Primeiro, o advogado de Pimenta soltou uma nota escaldante dizendo que querem condenar seu cliente “sem processo e sem defesa”. O alvo do doutor Mariz foram as revistas e o site que trataram de investigar a vida do jornalista, sua conduta e seu temperamento. Mas ele não contestou nenhum dos “fatos aparentemente desabonadores”, relatados por fontes que preferiram não se identificar.
O esforço da imprensa em revelar para o leitor “quem é” Pimenta Neves foi criticado indiretamente também pela promotora Luiza Nagib Eluf. Em um artigo de resto irrepreensível na Folha de 30 de agosto, “Homens que matam”, ela sustenta que “os passados do réu e da vítima tampouco importam”.
Importam, sim. Diante de um crime de morte, um tribunal não julga só o ato, mas as pessoas envolvidas — criminoso e vítima — até para saber se o réu poderá voltar a matar se for inocentado ou posto em liberdade daí a pouco tempo. Não fosse isso, a acusação não trataria, no limite, de demonizar o asssassino e beatificar o assassinado — e a defesa, vice versa.
De seu lado, a imprensa não fez mais do que a obrigação ao levantar a ficha do acusado — como faria se ele fosse um empresário ou um filósofo, não se podendo culpá-la se as fontes insistiram em permanecer anônimas.
Mariz acabou tendo razão, avant la lettre, por sinal, em um caso — o artigo “No lugar de notícia”, do colunista Janio de Freitas, da Folha, publicado três dias depois da nota do advogado.
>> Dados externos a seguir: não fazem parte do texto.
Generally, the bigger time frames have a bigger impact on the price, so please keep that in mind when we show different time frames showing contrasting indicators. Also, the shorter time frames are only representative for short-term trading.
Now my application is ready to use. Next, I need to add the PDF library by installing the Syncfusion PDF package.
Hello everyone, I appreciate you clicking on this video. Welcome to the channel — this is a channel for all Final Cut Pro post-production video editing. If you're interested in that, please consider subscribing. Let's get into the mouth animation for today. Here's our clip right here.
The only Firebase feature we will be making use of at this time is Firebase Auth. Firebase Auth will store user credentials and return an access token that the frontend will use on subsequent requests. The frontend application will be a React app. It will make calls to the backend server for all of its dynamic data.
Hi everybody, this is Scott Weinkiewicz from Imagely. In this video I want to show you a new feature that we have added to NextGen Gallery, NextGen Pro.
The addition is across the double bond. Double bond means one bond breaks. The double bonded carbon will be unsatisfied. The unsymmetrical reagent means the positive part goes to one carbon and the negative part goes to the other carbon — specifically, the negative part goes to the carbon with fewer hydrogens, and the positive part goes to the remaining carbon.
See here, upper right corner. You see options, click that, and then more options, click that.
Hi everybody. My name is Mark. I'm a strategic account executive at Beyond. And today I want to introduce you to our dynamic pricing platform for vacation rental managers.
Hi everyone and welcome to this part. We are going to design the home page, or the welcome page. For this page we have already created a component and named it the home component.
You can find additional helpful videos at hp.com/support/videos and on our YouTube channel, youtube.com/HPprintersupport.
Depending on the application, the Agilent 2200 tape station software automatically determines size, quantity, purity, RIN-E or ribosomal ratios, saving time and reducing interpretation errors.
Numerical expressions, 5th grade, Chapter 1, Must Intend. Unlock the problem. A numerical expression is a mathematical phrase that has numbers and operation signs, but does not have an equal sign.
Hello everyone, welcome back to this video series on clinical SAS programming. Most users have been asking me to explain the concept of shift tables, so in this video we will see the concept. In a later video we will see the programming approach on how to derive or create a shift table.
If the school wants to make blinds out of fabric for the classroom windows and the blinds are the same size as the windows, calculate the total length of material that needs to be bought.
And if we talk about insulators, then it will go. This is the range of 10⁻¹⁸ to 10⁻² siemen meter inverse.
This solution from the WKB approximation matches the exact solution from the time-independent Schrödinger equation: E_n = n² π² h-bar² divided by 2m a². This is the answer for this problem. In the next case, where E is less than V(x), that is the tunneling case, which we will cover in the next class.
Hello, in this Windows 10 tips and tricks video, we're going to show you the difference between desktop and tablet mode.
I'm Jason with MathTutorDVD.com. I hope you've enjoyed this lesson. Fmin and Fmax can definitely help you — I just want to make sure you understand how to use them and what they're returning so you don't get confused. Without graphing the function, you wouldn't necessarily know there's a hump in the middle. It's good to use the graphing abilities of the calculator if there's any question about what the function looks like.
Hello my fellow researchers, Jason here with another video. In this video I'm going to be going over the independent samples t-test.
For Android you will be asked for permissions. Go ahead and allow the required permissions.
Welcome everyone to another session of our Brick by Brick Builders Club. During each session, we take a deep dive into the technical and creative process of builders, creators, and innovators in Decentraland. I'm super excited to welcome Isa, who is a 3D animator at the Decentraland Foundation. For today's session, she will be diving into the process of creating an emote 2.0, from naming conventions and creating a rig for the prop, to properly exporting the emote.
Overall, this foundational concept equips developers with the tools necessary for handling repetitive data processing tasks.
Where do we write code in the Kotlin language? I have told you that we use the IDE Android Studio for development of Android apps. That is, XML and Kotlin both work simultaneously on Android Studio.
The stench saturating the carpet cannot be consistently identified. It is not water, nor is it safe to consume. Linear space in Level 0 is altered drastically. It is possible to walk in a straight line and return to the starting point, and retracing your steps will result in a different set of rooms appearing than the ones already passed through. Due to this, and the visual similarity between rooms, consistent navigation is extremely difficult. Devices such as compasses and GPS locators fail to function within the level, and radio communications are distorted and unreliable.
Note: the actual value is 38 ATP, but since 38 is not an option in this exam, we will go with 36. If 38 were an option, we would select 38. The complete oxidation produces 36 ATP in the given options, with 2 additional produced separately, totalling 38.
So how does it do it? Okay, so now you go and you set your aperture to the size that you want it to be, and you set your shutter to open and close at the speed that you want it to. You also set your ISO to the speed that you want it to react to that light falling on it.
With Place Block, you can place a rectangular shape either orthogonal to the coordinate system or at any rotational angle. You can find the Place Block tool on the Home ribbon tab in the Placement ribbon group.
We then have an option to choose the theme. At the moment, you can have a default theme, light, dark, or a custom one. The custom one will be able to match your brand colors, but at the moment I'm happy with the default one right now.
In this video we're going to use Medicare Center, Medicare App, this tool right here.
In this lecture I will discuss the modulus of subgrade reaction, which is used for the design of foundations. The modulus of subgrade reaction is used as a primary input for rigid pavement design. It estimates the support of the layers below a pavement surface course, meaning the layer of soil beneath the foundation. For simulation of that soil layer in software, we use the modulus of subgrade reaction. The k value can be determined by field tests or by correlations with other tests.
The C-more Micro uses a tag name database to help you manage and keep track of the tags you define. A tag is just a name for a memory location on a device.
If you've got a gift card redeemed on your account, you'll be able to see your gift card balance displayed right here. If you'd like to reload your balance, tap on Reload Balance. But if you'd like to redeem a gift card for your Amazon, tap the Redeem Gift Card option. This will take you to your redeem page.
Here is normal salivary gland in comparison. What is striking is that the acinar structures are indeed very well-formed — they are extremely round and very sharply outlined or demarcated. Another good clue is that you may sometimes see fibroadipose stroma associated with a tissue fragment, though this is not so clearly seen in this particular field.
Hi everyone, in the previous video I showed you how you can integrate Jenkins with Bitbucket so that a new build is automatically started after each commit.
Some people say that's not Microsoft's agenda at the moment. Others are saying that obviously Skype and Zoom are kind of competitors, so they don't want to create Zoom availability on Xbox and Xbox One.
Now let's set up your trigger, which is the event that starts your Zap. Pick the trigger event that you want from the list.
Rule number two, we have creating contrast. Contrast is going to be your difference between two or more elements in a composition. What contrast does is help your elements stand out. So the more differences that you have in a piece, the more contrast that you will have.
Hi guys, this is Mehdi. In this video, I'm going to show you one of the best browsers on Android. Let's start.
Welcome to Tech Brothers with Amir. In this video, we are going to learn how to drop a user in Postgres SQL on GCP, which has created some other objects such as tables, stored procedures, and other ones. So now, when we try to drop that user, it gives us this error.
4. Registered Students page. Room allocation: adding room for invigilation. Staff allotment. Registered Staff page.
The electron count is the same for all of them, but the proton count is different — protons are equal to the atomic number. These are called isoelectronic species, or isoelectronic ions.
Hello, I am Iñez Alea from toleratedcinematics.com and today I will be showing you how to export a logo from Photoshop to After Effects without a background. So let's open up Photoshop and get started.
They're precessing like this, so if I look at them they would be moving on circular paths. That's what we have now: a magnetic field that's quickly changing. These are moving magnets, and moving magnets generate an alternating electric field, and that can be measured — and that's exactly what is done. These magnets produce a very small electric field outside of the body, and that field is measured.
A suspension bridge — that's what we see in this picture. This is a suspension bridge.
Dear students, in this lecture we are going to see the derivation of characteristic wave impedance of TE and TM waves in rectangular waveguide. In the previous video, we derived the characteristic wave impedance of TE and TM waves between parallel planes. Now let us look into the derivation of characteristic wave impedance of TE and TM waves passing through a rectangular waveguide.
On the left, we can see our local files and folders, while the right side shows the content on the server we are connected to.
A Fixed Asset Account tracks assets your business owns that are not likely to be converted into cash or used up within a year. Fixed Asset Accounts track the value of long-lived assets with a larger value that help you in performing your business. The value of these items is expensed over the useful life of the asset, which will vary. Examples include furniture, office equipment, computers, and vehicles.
Janio, que em matéria de serenidade e senso de justiça formaria um dueto perfeito com Marilene Felinto, investiu pelo flanco político.
Depois de se sair, logo nas primeiras linhas, com o absurdo de que, se não tivesse matado Sandra, “Pimenta Neves teria passado pelas redações sem ser notado pelo jornalismo”, ele o acusou de ter sonegado, como diretor de Redação do Estado — “a pedido da Presidência da República” — a notícia de que Fernando Henrique Cardoso liberara verbas extras para o TRT-SP. Como diria Mariz, “os fatos não precisam ser provados”.
Por fim, o linchamento voltou à cena — duas vezes — na já citada coluna de Otavio Frias Filho. Ele subscreve a teoria de que as revistas fizeram de Pimenta um “vilão rematado” e acrescenta a hipótese conspiratória de que, em certos casos, a mídia aproveitou para “acertar velhas contas com o réu”, sem que o pobre do leitor fique sabendo de que mídia e de que contas se está falando.
“Otavinho” diz que “o assassino não se manifestou, exceto em depoimento editado com notória má fé contra ele”, esquecido, talvez, de que o conteúdo dessa manifestação — em especial quando ele revela supostos comentários de Sandra sobre o pai e o irmão dela — é suficientemente repulsivo para justificar a divulgação, qualquer que seja a fé do editor da fita, como subsídio para se saber quem é Pimenta, ou, numa versão caridosa, quem era ele na hora do depoimento.
“Nada do que Pimenta Neves alegar poderá justificá-lo”, escreve o colunista, com razão. Mas isso se aplica também a muito do que se tem escrito sobre o caso. De trágico, devia bastar a tragédia.
[Publicado originalmente em 01.09.00 no site Werbo]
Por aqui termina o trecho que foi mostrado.